_WORK INSTRUCTIONS_
Repeat the lines from the one containing "In dry docks, ships" through the end of the listing exactly, both ends included. Do not carry over any pictures.

_GIVEN DATA_
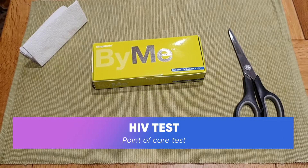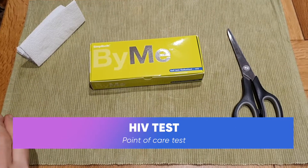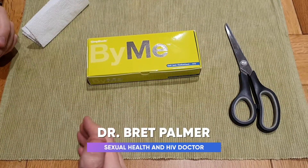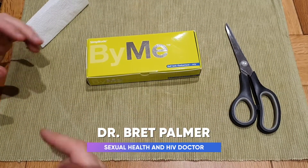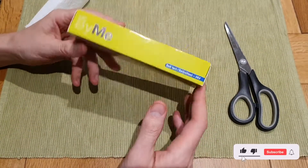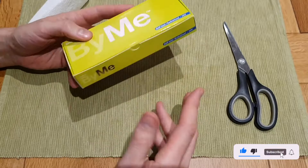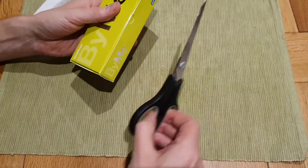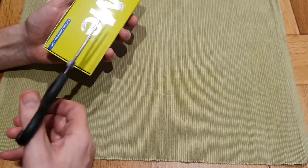Hi everyone, so I've been asked to give my opinion on this test. This is a HIV test from Simplitude. This is a point of care test, and it does seem that a lot of tests now from various services will be point of care tests — this is like a future thing. The Simplitude HIV test is 99.6% accurate.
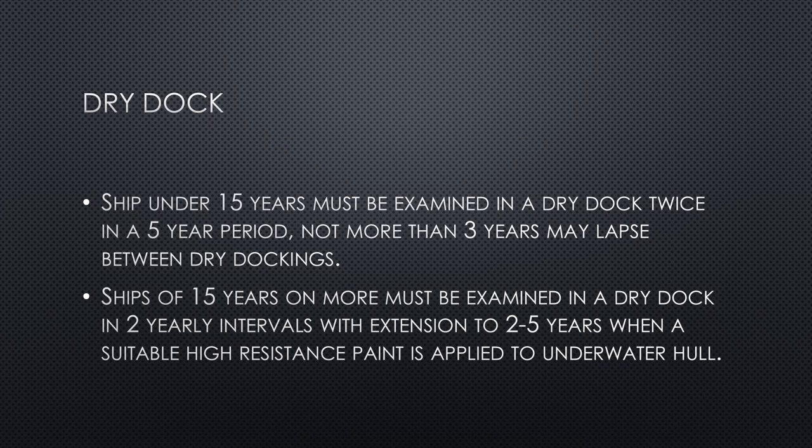In dry docks, ships under 15 years must be examined in a dry dock twice in a five-year period, and not more than three years may lapse between dry dockings. Ships of 15 years or more must be examined in a dry dock at two-yearly intervals, with extension to two to five years when a suitable high-resistance paint is applied to the underwater hull.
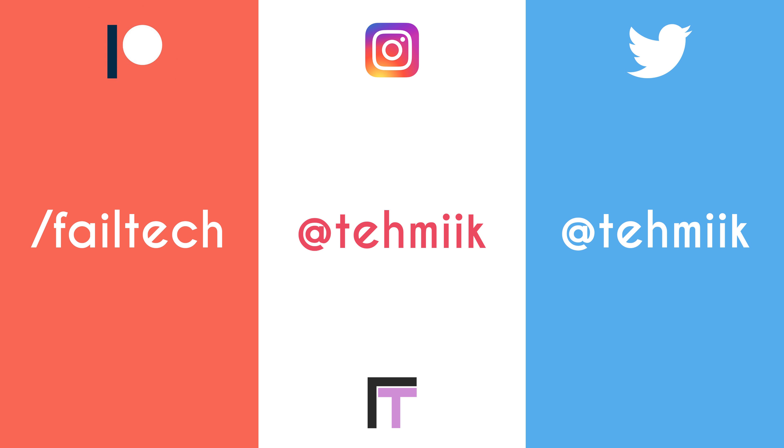Alright guys, that's it from me. My name is Ryan Thomas for Fairtech — thank you so much for watching. Please like, dislike, comment, and subscribe based on your thoughts. If you want to support me on Patreon, thank you so much Ross for your support. My name is Ryan Thomas for Fairtech, and I'll see you in the next one. Peace.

_ANSWER BELOW_
In dry docks, ships under 15 years must be examined in a dry dock twice in a five-year period, and not more than three years may lapse between dry dockings. Ships of 15 years or more must be examined in a dry dock at two-yearly intervals, with extension to two to five years when a suitable high-resistance paint is applied to the underwater hull.
Alright guys, that's it from me. My name is Ryan Thomas for Fairtech — thank you so much for watching. Please like, dislike, comment, and subscribe based on your thoughts. If you want to support me on Patreon, thank you so much Ross for your support. My name is Ryan Thomas for Fairtech, and I'll see you in the next one. Peace.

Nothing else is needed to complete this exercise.